Auf meiner Liste findet man unterschiedlichste Frauenbilder; sie ist bunt durchgemischt, wie ein Puzzle mit unendlich vielen Teilen. Seit einigen Monaten achte ich nun darauf, wie Frauen in Romanen dargestellt werden und welche Rollen sie einnehmen und je mehr ich mich in diese Thematik einarbeite, desto mehr kann ich mir nicht vorstellen, jemals wieder ein Buch in die Hand zu nehmen, in dem drei Viertel der Charaktere weiße Männer sind. Es begeistert mich, wie sehr die Nische der starken weiblichen Hauptrolle in Romanen floriert, in denen es nicht darum geht, dass die junge Frau schlussendlich den geheimnisvollen Mann abkriegt, der sie beschützt und auf sie aufpasst. Vielmehr geht es um die Selbstständigkeit einer Person, wie sie sich entwickelt und was sie daraus macht, auch wenn das Schicksal gegen sie arbeitet.

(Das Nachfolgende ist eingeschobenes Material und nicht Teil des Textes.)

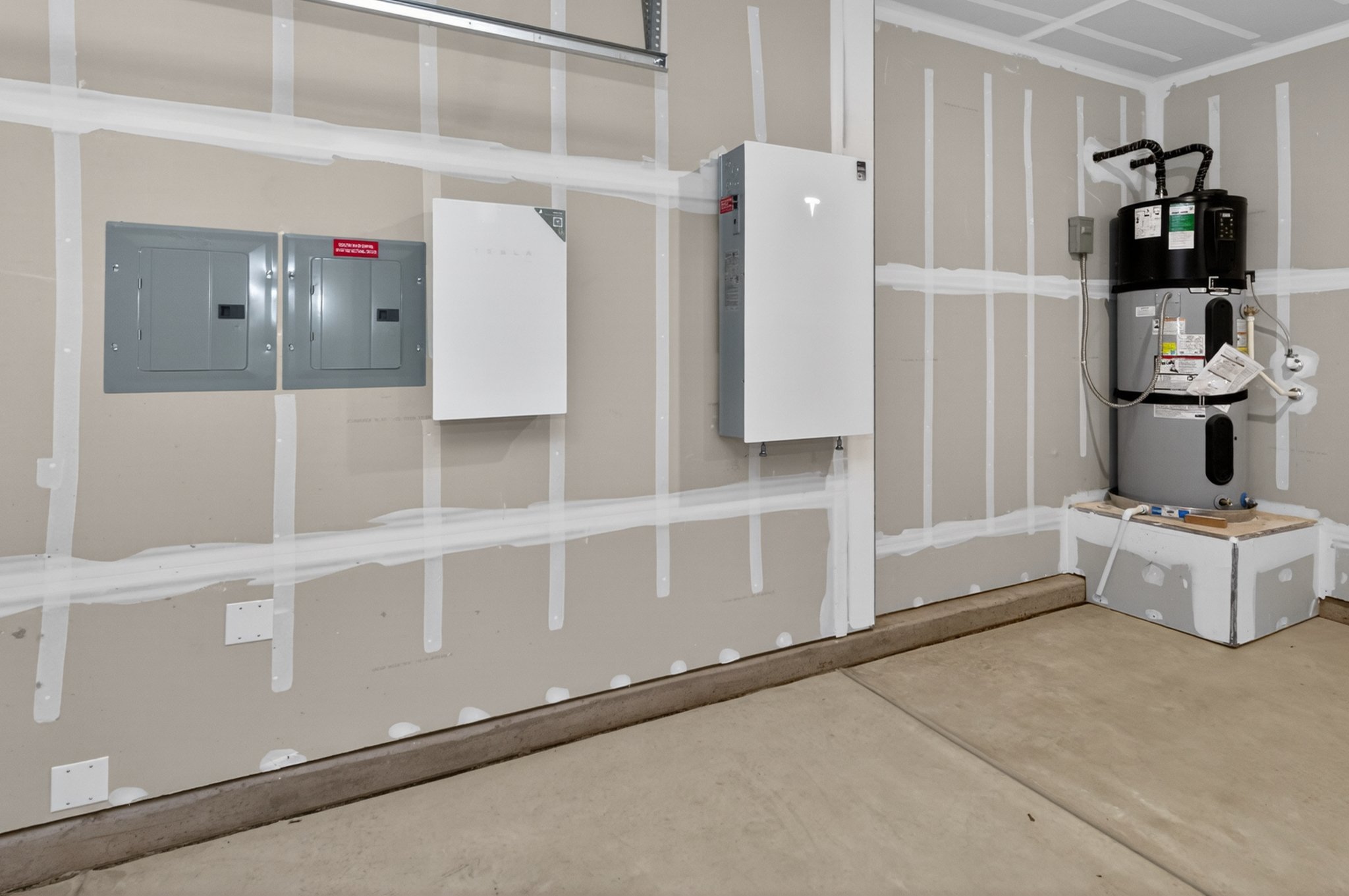 A room with white walls and a white counter with a machine on it.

Ich liebe es, Romane über historische weibliche Persönlichkeiten zu lesen, die im Geschichtsunterricht leider in Vergessenheit geraten sind, deren Lebenslauf jedoch so spannend und fesselnd ist, dass ich es als Schande erachte, diese Bücher nicht weiterzuempfehlen. Die Frauen in dieser Spate sind so herausragend, dass es nicht bedarf, sie als stark oder selbstbewusst zu beschreiben, denn allein ihre Handlungen und die Schreibstile der Autorinnen reichen aus, um den Leser*innen zu zeigen, welche Persönlichkeiten hier verborgen sind.
Wir leben leider noch immer in einer Welt, in der das Frauenbild unbewusst einer strikten Linie folgen sollte und jegliche Abweichungen werden zuerst kritisch beäugt und dann in manchen Fällen akzeptiert, in manchen abgelehnt. Romane über starke Frauenpersönlichkeiten machen mich glücklich, sie inspirieren, fördern mein Selbstbewusstsein und zeigen mir, wie sich mein Leben in Zukunft verändern könnte. Eines Tages ein Buch zu veröffentlichen, dass sich in meine kleine Liste einreihen darf, füllt eine weitere Zeile in der Aufzählung meiner Lebensziele.
Es ist eine Motivationsliste, bei der ich ein wohliges Bauchgefühl bekomme, wenn ich einen neuen Titel darauf schreiben kann. Natürlich sind viele von ihnen „nur“ Geschichten, aber wir wissen doch alle, dass seit jeher aus Büchern am meisten gelernt wurde.